Biography of Sappho
Sappho was born between 630 BC and 612 BC on the small Isle of Lesbos in the town of Eresos. Although little is known about Sappho's life, educated guesses can be drawn from her writings.
It is believed that Sappho was the daughter of an aristocratic family, Scamander and Cleïs, and to have had three brothers. It is also said that she was married and had a child, Cleïs. The origin of the child however is unkown as the word "pais" was used to describe her. The word is often used to indicate a slave or other young girl, rather than a daughter.
Sappho wrote about her time spent in Lydia, one of the wealthiest and powerful countries, with friends and the ladies of Sardis along with dancing, religion and parading armies.

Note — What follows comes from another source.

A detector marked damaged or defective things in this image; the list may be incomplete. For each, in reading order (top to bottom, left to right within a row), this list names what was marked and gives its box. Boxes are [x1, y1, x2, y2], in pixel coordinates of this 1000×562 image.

Once the violent coup led by Pittacus took place in Lesbos, Sappho and other members of the aristocracy were exiled, including fellow poet Alcaeus. Her poetry speaks of her mistreatment in the following years spent before moving to Syracuse on the island of Sicily. Before her arrival at the city, the people built a statue of her as a welcome. Once Pittacus was no longer in power in 581 BC, Sappho's was free to return to her homeland.

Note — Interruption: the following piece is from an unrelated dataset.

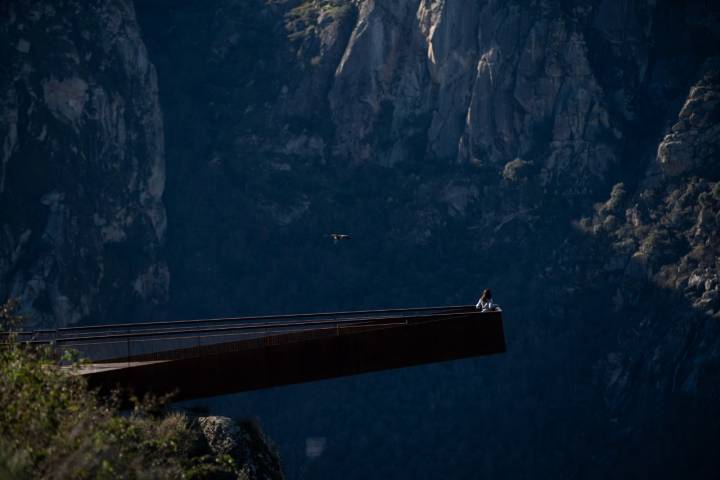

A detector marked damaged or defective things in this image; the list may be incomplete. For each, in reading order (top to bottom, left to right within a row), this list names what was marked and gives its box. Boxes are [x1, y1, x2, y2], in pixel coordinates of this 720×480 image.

rusted steel walkway [12, 308, 506, 402] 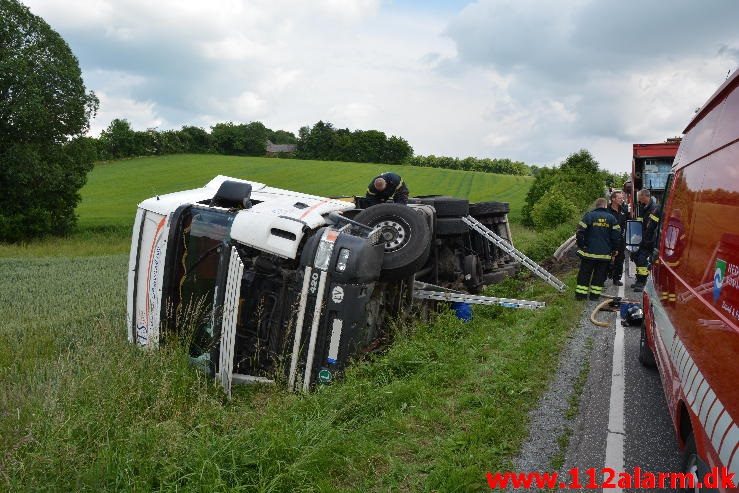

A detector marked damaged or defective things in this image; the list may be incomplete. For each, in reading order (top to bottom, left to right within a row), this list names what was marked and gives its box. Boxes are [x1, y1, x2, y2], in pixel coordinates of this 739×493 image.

overturned truck [129, 175, 556, 394]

Sappho is believed to have died around 570 BC. It is unknown what the cause of death was. However, one tradition suggests she jumped off Leucadian cliffs for her love of Phaon, a ferryman.
As some of her love poems are addressed to women, she has long been considered a homosexual. The word "lesbian" is derived from the island of Lesbos because of her. As well, the word "sapphic" comes from her name.